The show, on at the FOFA Gallery until April 17, explores the medium in a variety of traditional and alternative forms. Besides the show, the event also included a well-attended symposium on March 27, the day after the vernissage.
“When I was on sabbatical two years ago, I got the idea to have a show that covers the last thirty years of ceramic art at Concordia,” explains Studio Arts Professer Thérèse Chabot of the decision that had her tracking down students, faculty members and technicians who have contributed to the program.
Chabot, who has been here for 25 years, says finding those who played a role before the age of email was not easy.
“We reached at least 200 who had been here since 2000,” she says. Those who answered the call submitted their work to a jury. Ultimately, 17 ceramicists representing the past and future of the program have work in Raw/Medium Rare/Well Done.
“Once I had the work, I brainstormed a title,” says Chabot. “I wanted something covering all the ways we can look at clay, from mud, that is not permanent, through bisque firing and then finished pieces. I wanted to capture different manifestations of the material.”
The show does just that. At one extreme are the tiny, handmade, delicately decorated tea pots of Céline Lepage. Lepage, now in her 70s, studied with Chabot in the ’80s. At the other extreme are photographic images transferred onto tiles in the work of technician Kit Griffin, representing the gap between the haves and have-nots in Africa.
Somewhere in between is the work of graduate student Twyla Exner. Over a year, Exner threw 300 earthenware urns, glazed their interiors and filled them with vinegar. Linking them together with copper wire, she was able to generate enough power to run an iPod Shuffle. The installation occupies the front of the gallery facing Ste. Catherine St. “It’s a nice combination of the ancient and the modern,” says Chabot.
Similarly, Karen Warshaw Lampcov knitted small sacks, then dipped them in porcelain slip and fired them at high temperature. The pieces look both contemporary and crafty. “The work reflects textiles, domesticity, vessels and the materiality of clay itself.”
In the black box section at the back of the gallery, an intimate space has been created to display a piece by Chabot.

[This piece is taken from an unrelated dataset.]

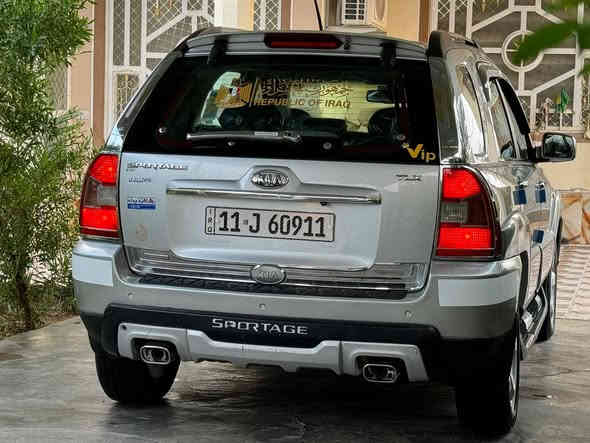 للجنايه فقط....✋✋
وجماعه اليكسرون بسعر الله يسامحهم..
النضيف غالي والسياره متعوب عليها وفلوس حلال...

Ephemera from around her South Shore home and garden— flowers, seed pods, grasses, even bones and baby birds — have been dipped in translucent porcelain, fired and delicately arranged in frozen tableaux (referencing Vanitas) on pierced platters lit from below.
“I wanted to portray the cycle of life, both dying and renewal, to capture both beauty and tragedy,” she says of the work partly inspired by the ice storm. “I also wanted to recall a feast, which relates to ceramics.”